After the excruciatingly boring race we drove to Spa Village to our hotel. The factory very carefully worked on the sound of the engine, although, sound is the wrong word. It is a mechanical symphony, a most wonderful melody to anyone who cares about cars. As we went through the gears in sports mode-feeling very much like the much-missed Michael Schumacher-each shift took all of 0.15 seconds! The car sounded so glorious that we emptied every single pub on the way as people came out to cheer waving their bottles of Stella and their cherished Dekra caps. After the misery of the race with a McLaren 1-2 it was great to share a bit of Ferrari happiness with the fans. Changing up at 8500 rpm, going through the gears all the way to 6th is the nearest those lucky enough to drive this car will ever get to the sound, to the sensation of a Grand Prix car. A true aficionado will not get this kind of fix any other way, its like drinking adrenaline by the gallon. And yet, at 70 miles per hour you can either listen to the so-so radio or have a quiet conversation in total comfort.
After dinner at the excellent Restaurant l'Auberge in the middle of Spa we took the wrong turning (Yeah, right! Do I hear you say?) ending up at the entrance to the track. There was a somewhat puzzled chap there not quite knowing what to do with the car of his dreams so we gave him a friendly wave and were on our way to Eau Rouge.(In case you've never heard of it let me explain. It is the most difficult, most revered corner on any race track anywhere in the World.) If you think its terrifying during the day you should try it at night! But what a sensation…what an amazing corner. No wonder Grand Prix drivers have a huge grin on their faces after tackling it well. Or not, as the case may be. Ask a certain Jacques Villeneuve on the subject, he seems to have purchased a season ticket into the barriers. Back on the track we were first of all able to admire the excellence of the headlights and also test the car's handling without traffic, without cops and without fear. There was no-one else around and just like in bobsled racing there was no-one coming the other way! It was, as the Americans say-awesome! The 360 had tons of roadholding left in reserve and we were not hanging around. Even at the famous bus stop (that's what it is in real life 50 weeks of the year) which is a very quick left -right-left there was no drama of any kind. Just huge grins on our faces, the kind little school boys tend to have when they've done something naughty but got away with it. Which we did.
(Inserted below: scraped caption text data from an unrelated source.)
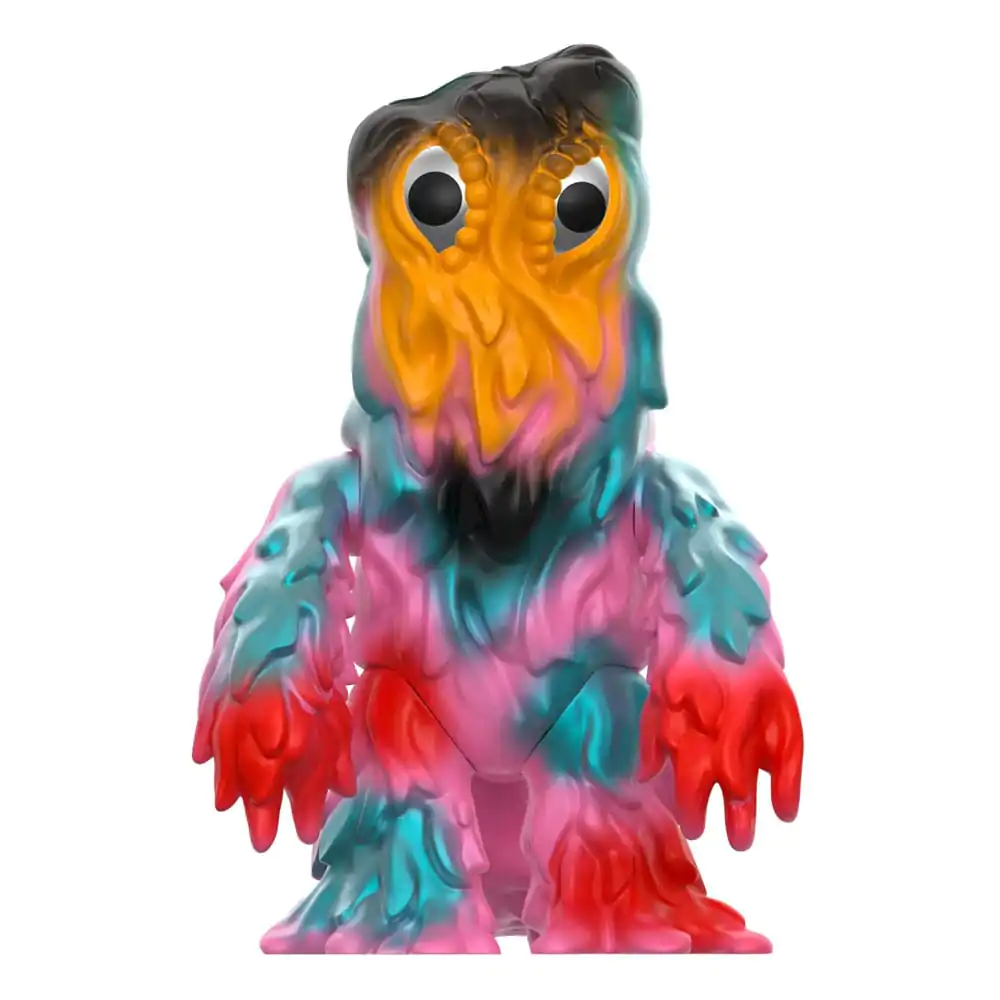 Godzilla Toho ReAction akcijska figura Hedorah Vintage igračka Hawaii 10 cm fotografija proizvoda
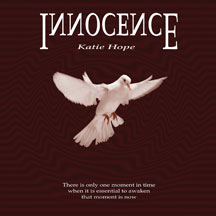 KATIE HOPE - INNOCENCE [CD]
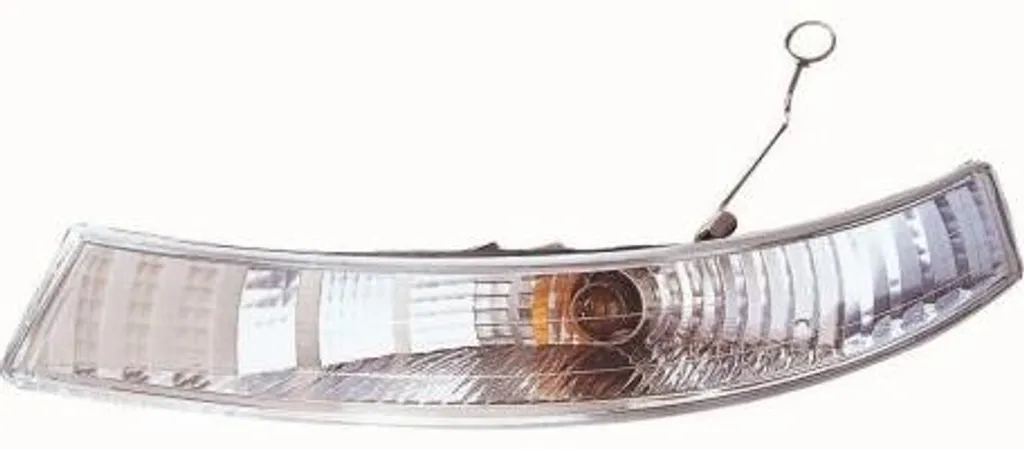 Fanalino Freccia DX ABAKUS 551-1608R-UE-C Nissan Primastar Renault Trafic II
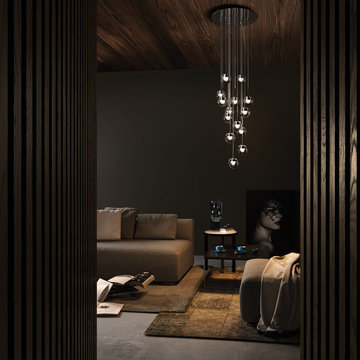 Selling: Dew Suspension Lamp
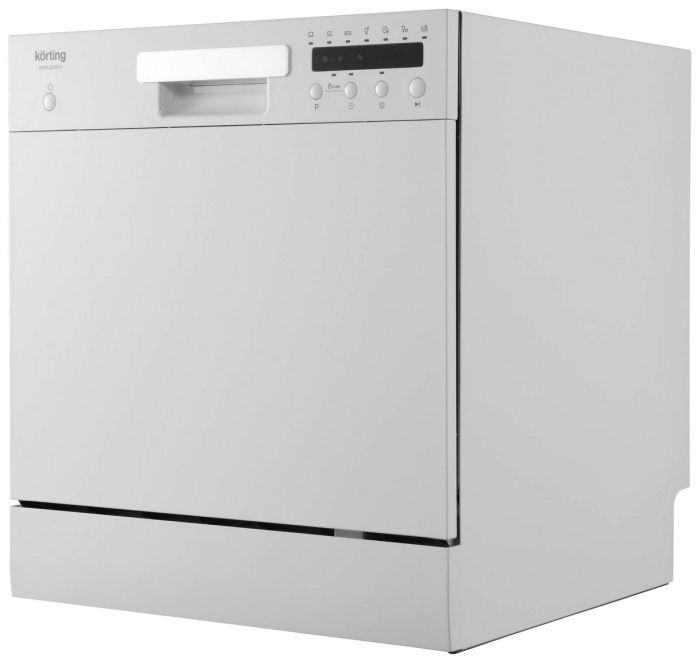 Настольная посудомоечная машина Korting KDFM 25358 W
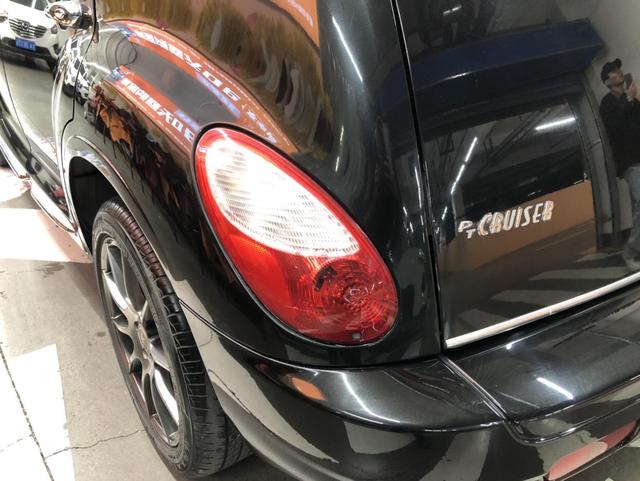 Chrysler PT Cruiser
The less I say about the Bridgestone golf tournament -won by former Grand Prix ace Jacques Laffite by the way - the better. It was a great idea and a wonderful gesture. It was not the tyre company's fault that we and our friends from Irish Television were not ace golfers, we did our best to do one better than simply make up the numbers. This we did. Just. It was a wonderful ending to an unforgettable weekend. To sum up: if you have 175 thousand dollars to spare courtesy of some fancy Internet IPO and you don't buy one you are a fool. Will you get tickets? Almost certainly. Will it be worth it in exchange for hearing those 400 ponies at full chat? Definitely. If you hesitate and don't place an order now it might be 2005 before you get one. Please don't call me to say I didn't warn back in the last century!